Schaatsenrijders Bond
Ook op het ijs liet de academische gemeenschap zich zien. De Studenten IJsclub Amsterdam is van 1864. Vijf jaar later werd er zo’n vereniging opgericht in Leiden. Van Horn: ‘De wedstrijden werden gehouden op het Galgewater, een vroeg voorbeeld van een universitair sportcentrum, want niet alleen de schaatsers waren daar te vinden, maar ook de zwemschool en vanaf 1875 de roeiers van Njord.’
De Leidse studenten waren in 1882 betrokken bij de oprichting van de Nederlandsche Schaatsenrijders Bond. ‘Slechts 9 ijsclubs namen de uitnoodiging aan,’ staat in het Gedenkboek van de KNSB uit 1932 over de voorbereidingen hiervoor. Die andere waren Groningen, Makkum, de Amsterdamsche IJsclub, Purmerend, Deventer, Kralingen en Omstreken, ’s-Gravenhage en Leeuwarden.
Namens de Studenten IJsclub Leiden werd Johan van Buttingha Wichers secretaris van de Schaatsenrijders Bond. Samen met medebestuurslid Baron De Salis ontwikkelde hij zelfs een nieuw type hardrijschaats, aldus Schaatshistorie, het model Wichers-de Salis.
De verbeterde Wichers-Salis, tekening Pim Mulier uit het publieke domein
Nog belangrijker is het boek Schaatsenrijden van Van Buttingha Wichers uit 1888. Max Dohle noemt dat ‘de bijbel van het schaatsen’. Het bevat een zeer uitgebreid historisch deel, maar daarbij ook nog een handleiding voor het schaatsen. Zo is de Studenten IJsclub Leiden erg belangrijk geweest voor de begintijd van de schaatssport.
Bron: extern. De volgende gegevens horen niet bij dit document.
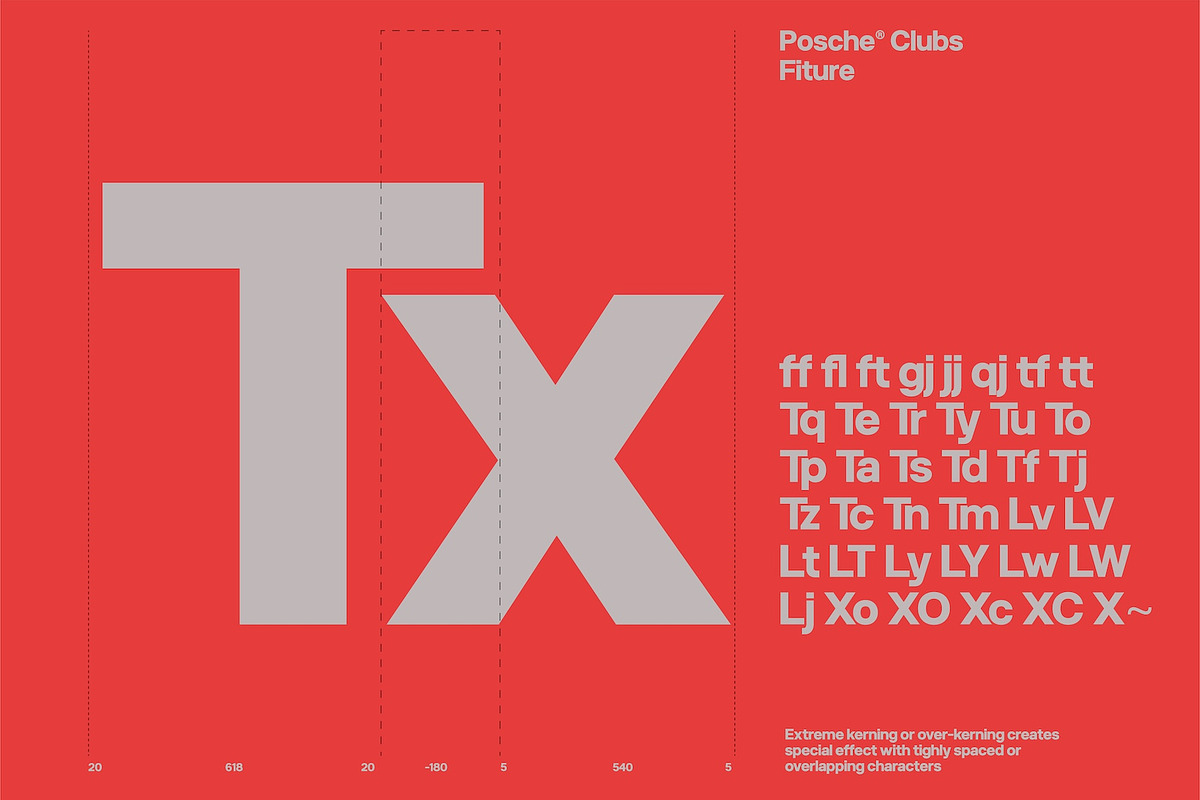 PS CLUB | Display Typeface, a Sans Serif Font by Posche Type (Photo 4 of 11)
Van Buttingha Wichers werd maar 32 jaar oud en stierf na smartelijk lijden.

Ander winters vermaak was al veel ouder. In 1776 organiseerden studenten in Leiden een tocht met een slee. Via het Rijksmuseum
Nationale studentensportorganisatie
In het academische seizoen 1918-1919 werd de Algemeene Studenten-Sport bond opgericht, een nationale koepel. Dat was zeer opmerkelijk, omdat dit de eerste studentensportorganisatie was zónder banden met het corps. Het was een idee geweest van het Nederlandsch Olympisch Comité, dat een nieuwe doelgroep wilde aanboren. Voorzitter Van Tuyll van Serooskerken en bestuurslid Pieter Scharroo waren er druk mee.
‘De studs in actie!’, riep tijdschrift De Revue der Sporten hoopvol uit op 16 april 1919. ‘Wij hopen van harte, dat het streven van de HH. Van Tuyll, Scharroo en hun jeugdige volgers zal slagen. Er ligt in deze richting nog een groot terrein braak.’
De studs in actie!
Aanvankelijk leek het te lukken, vooral in Leiden. Van de 2000 aangesloten leden in het eerste jaar kwam meer dan de helft uit deze studentenstad. Toch mislukte deze poging van het NOC voor een nationale koepel in de studentensport, omdat de corpora niet van plan waren om hun monopolie zomaar weg te geven.
Na twee jaar was het alweer afgelopen, tot teleurstelling van Scharroo. ‘De Algemeene Studenten-Sportvereeniging, tot welker oprichting ik enkele jaren geleden den stoot gaf, heeft, vooral door verschillende veranderingen in de leiding, niet geheel in vervulling gebracht, wat van haar verwacht werd.’
En zo kennen we nu nog wel de KNSB en de Varsity, maar is de Algemeene Studenten-Sportvereeniging compleet vergeten.